What I am looking forward to, though, is the new life that will come into the studio, new life with all its attendant tales and dramas, all its earnestness and frustrations. Again, it's never dull.

Okay, well, that's a lie. It actually does get dull after hours of painting the same size pieces, and the color palette seems to shrink. A favorite complaint: "I'm all out of colors. I need new colors. Someone, please, invent new colors." Recently there have been requests for lots of blue tones — a curious thing, that. Blues and purples. Must be the colors of the hour.

Mostly, though, I'm looking forward to tomorrow — to Thanksgiving, my favorite day of the year.  We will be an atypical small crowd of six, which suits me just fine. My son is making a purple sweet potato pie, in his quest to break from tradition. I, on the other hand, am sticking to My Favorite Menu of the Year, as starch-laden as that may be. (Or so I've been told.)

So bring it on, baby, I say.
Bring it on, because I'm hungry.

Wednesday, November 19, 2014

Small Business Hysteria.

I mean: hysteria.

I announced today that since I couldn't do anything about the looming backlog of orders on account of being down one employee for the past week that I was going to turn off the simmering panic that always heats up when, no matter what I do, I can't do more. There's absolutely zero wiggle room on this tightly-run ship, and when we begin to list to one side, the drowning waves swell mightily with their threat to capsize us.

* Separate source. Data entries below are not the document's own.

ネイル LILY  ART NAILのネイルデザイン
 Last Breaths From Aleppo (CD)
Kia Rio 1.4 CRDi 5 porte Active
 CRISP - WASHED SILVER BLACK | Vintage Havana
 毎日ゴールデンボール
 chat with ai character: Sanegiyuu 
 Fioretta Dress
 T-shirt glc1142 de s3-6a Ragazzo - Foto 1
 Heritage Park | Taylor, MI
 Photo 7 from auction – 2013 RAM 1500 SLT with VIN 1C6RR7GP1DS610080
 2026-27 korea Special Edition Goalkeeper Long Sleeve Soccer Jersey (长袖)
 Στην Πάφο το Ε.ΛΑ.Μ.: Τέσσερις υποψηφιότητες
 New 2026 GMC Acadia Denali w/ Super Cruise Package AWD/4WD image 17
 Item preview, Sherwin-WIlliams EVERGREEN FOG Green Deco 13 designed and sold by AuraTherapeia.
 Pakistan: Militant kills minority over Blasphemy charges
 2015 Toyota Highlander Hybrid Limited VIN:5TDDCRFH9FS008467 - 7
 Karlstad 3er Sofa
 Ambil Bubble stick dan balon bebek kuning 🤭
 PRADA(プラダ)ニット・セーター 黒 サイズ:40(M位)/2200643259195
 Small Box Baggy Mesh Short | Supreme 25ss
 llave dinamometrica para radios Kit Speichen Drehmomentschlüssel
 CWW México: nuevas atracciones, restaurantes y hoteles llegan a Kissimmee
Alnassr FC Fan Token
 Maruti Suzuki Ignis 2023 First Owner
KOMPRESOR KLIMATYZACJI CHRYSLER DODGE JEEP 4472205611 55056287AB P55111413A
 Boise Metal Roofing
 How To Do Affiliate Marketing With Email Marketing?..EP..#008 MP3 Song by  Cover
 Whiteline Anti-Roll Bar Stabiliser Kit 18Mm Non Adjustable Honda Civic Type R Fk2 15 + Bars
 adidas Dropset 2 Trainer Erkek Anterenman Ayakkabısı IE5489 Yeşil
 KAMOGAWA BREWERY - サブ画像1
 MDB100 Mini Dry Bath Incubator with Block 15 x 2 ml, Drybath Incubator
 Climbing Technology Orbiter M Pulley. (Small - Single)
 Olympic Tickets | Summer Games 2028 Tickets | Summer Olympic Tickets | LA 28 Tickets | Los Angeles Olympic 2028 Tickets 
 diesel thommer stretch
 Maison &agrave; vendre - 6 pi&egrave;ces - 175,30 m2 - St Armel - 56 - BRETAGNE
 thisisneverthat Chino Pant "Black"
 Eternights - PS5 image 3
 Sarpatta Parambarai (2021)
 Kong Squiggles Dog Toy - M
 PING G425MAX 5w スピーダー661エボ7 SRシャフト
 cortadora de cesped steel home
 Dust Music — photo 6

Yesterday's meteorological event lingered at the edges, like the bits of blue paint that never seem to wash completely from the palettes, a perpetual residue. I could've sworn a Payne's Grey cloud floated  just below the ceiling for the better part of the day.

I wasn't feeling the least bit my usual jolly self. Head down, I juggled (so to speak) the several hundred pieces of glass in the current order rotation, continually moving things from one phase of completion to the next. Storage shed, back-room staging, main work table, sandblaster, studio, sink, grinder, The Hot Shelf, back to the work table, kitchen kiln aka the oven, back to the work table again, back to The Hot Shelf, signing shelf, shipping staging, and finally, finally, back down to the studio to be boxed up for UPS pickup.

The home holiday sale approaches, but wasn't it just summer?

The question, Is this my life? swept over me, a softer wave now, no longer worried about water in the lungs since I crossed out hysteria.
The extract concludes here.